How our local newspapers gave way to town hall frees

I CAN ADD something to Jon Slattery’s excellent piece (last issue) on local government reporting. The transformation of so many provincial dailies to tabloids meant a change of tone to meet the perception of readers, who equated the new format with the national examples.

Certain stories were classified as boring, among them reports of council meetings. Many were. But with their eradication went the town-hall reporter and what passed for a lobby system.
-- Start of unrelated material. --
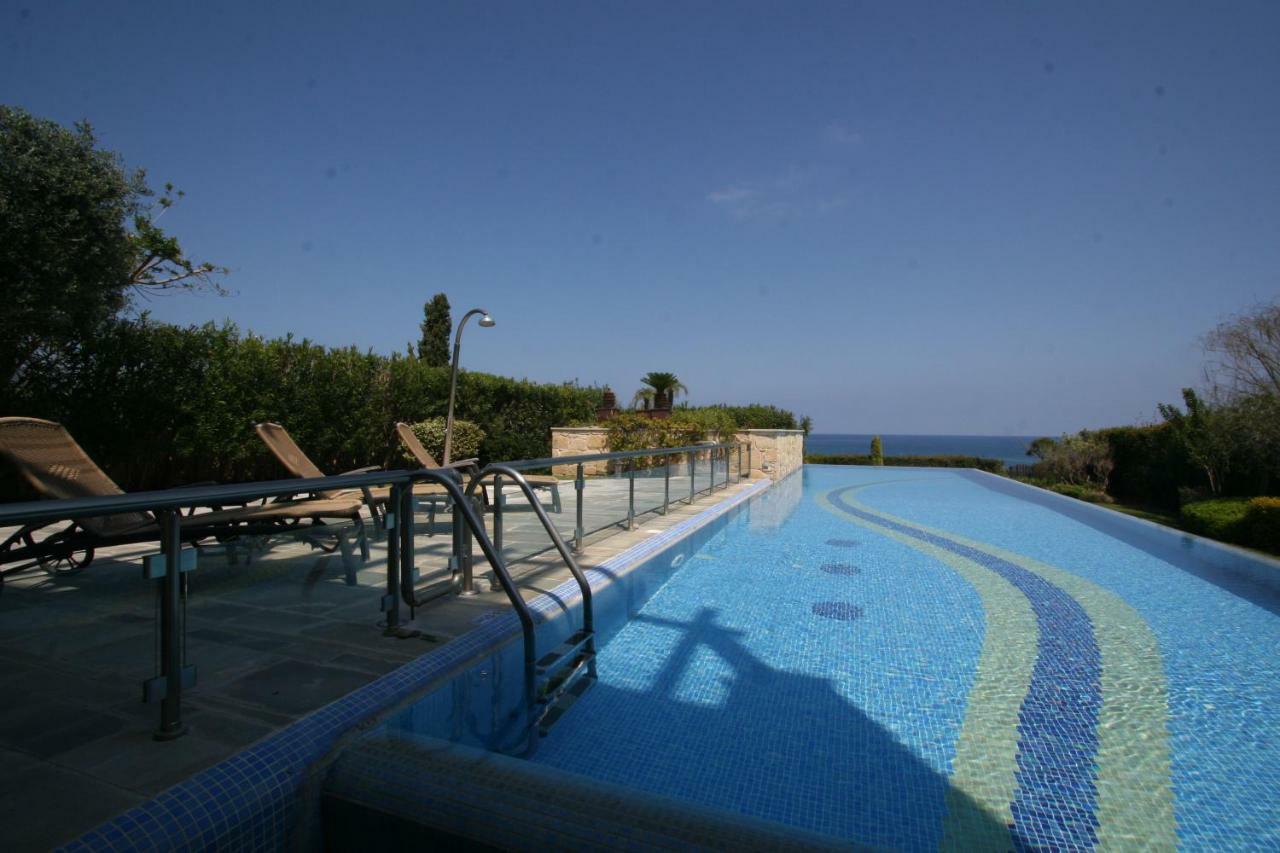 Beach Villa Olivia Neo Chorio Exterior photo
Council publicity departments filled the void, ready and able to promote the council’s line, and there was little expertise in the newsroom to question their pronouncements.
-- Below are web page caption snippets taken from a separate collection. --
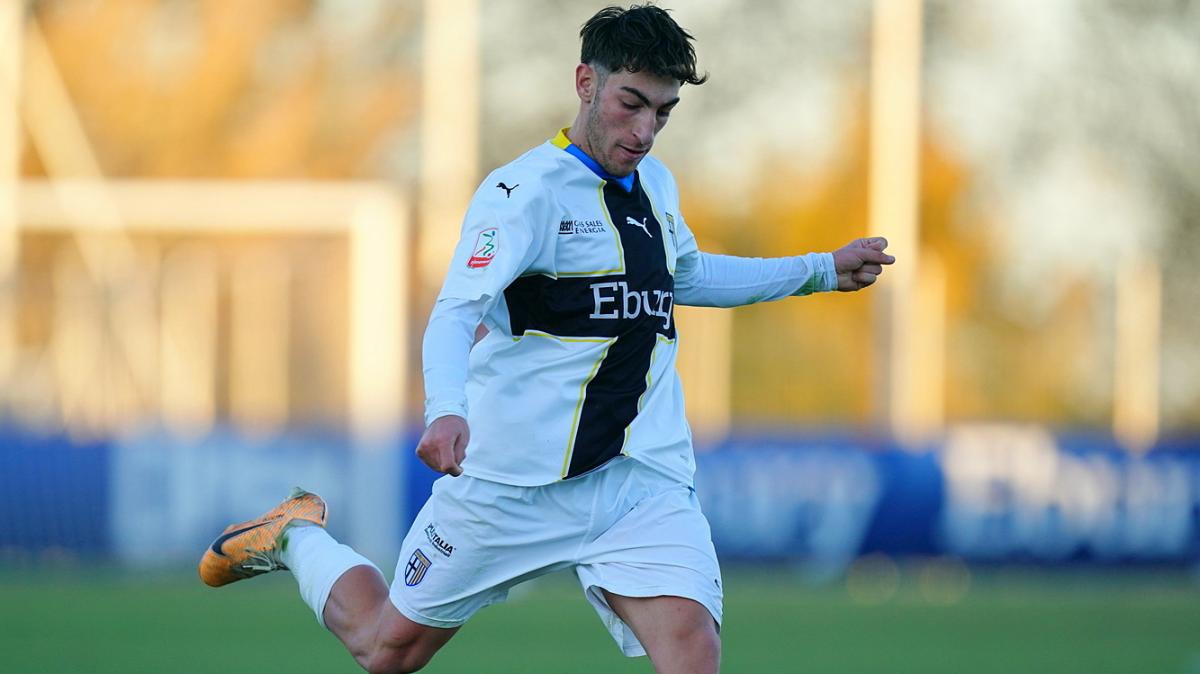 Primavera, Sassuolo-Parma 1-1 all'intervallo. Cardinali a segno, neroverdi in dieci
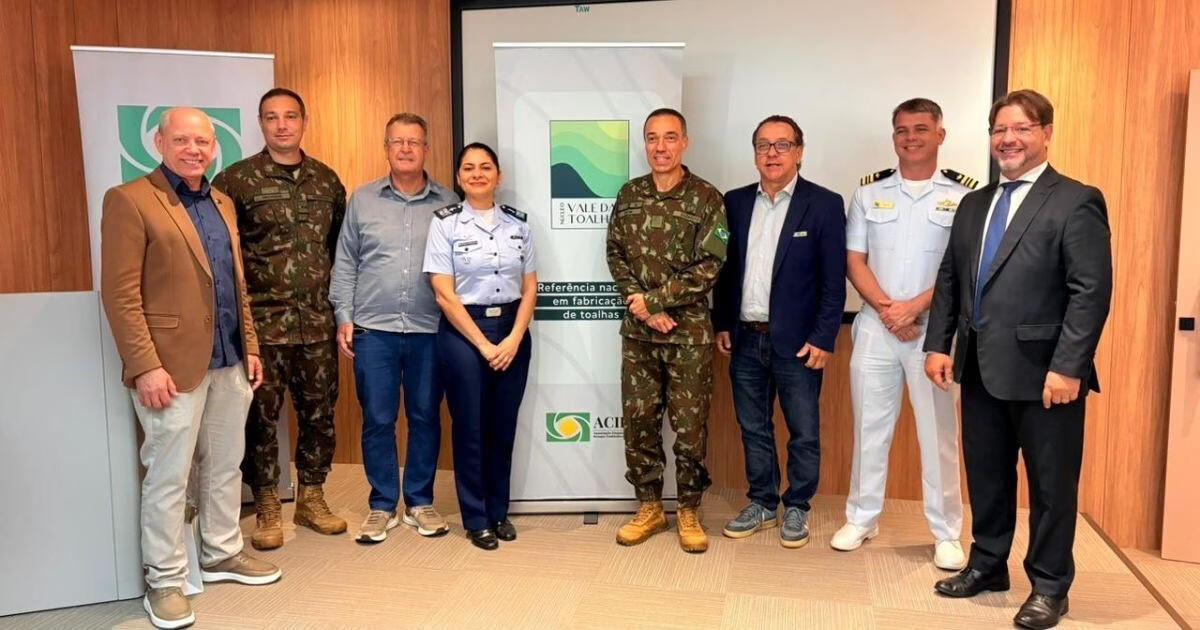 Comitiva do Ministério da Defesa busca empresas de Brusque para fornecimento de uniformes para Forças Armadas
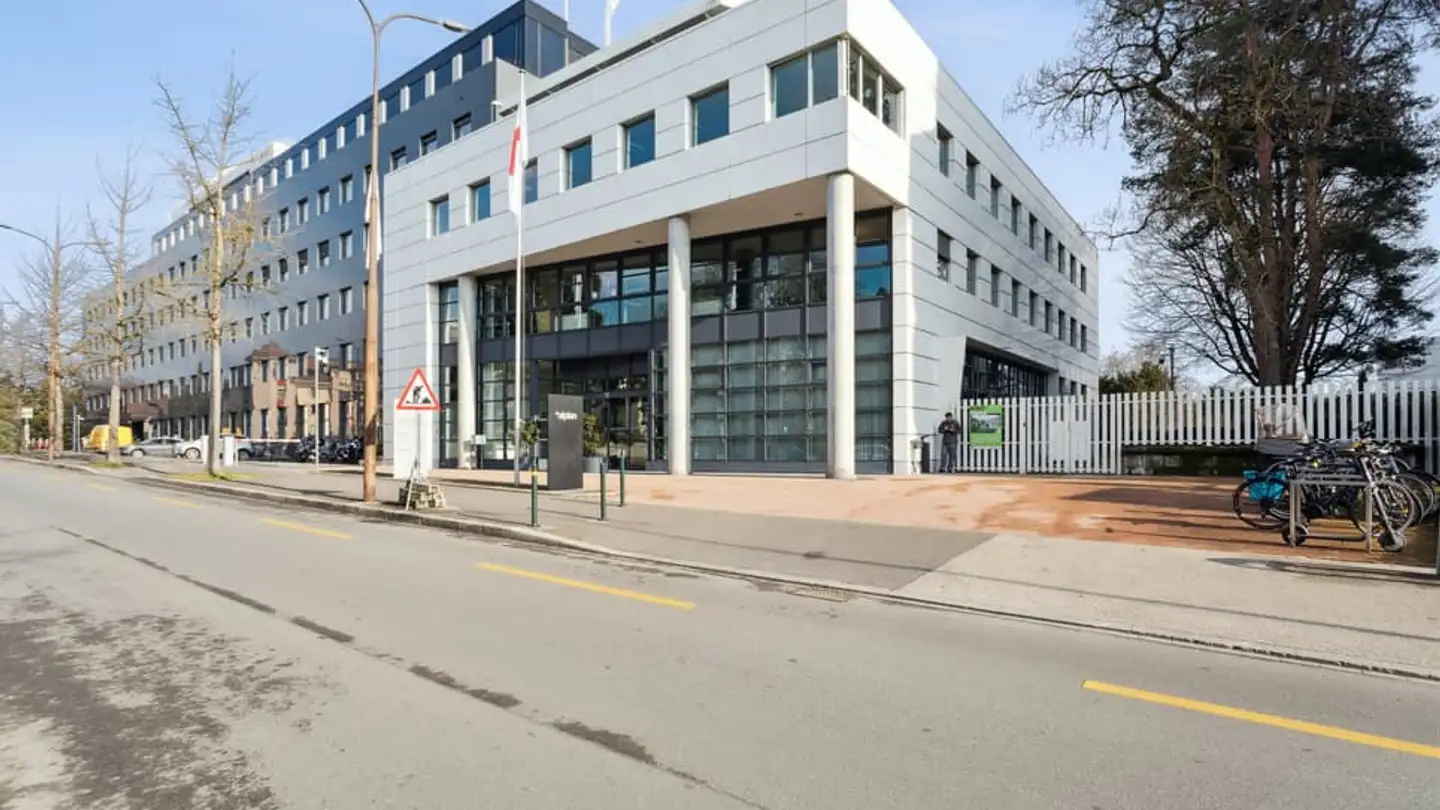 Commercial à louer - Chemin Des Crêts 17, 1209 Genève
The same happened in other areas, where specialists in crime, transport, industry, health, music and drama once knew what was going on and won exclusive stories as well as respect for themselves and their newspapers.

Then crime reporters became “police” reporters, a stage in the movement towards currying favour with the local Establishment.

Many papers, their editorial staffs shrinking, began to make other attempts at newsgathering, introducing pages of “grassroots” news supplied by readers to get them involved.

The extension of that is the citizen reporter, a monster of self-contradiction. Imagine the outcry at the introduction of citizen teachers or citizen social workers.

All this indicates how labour-intensive journalism is. Make journalists redundant and services to the reader are threatened, content can become bland, patchy and inaccurate, readers may drift away and advertisers are likely to desert. Downward spirals all round.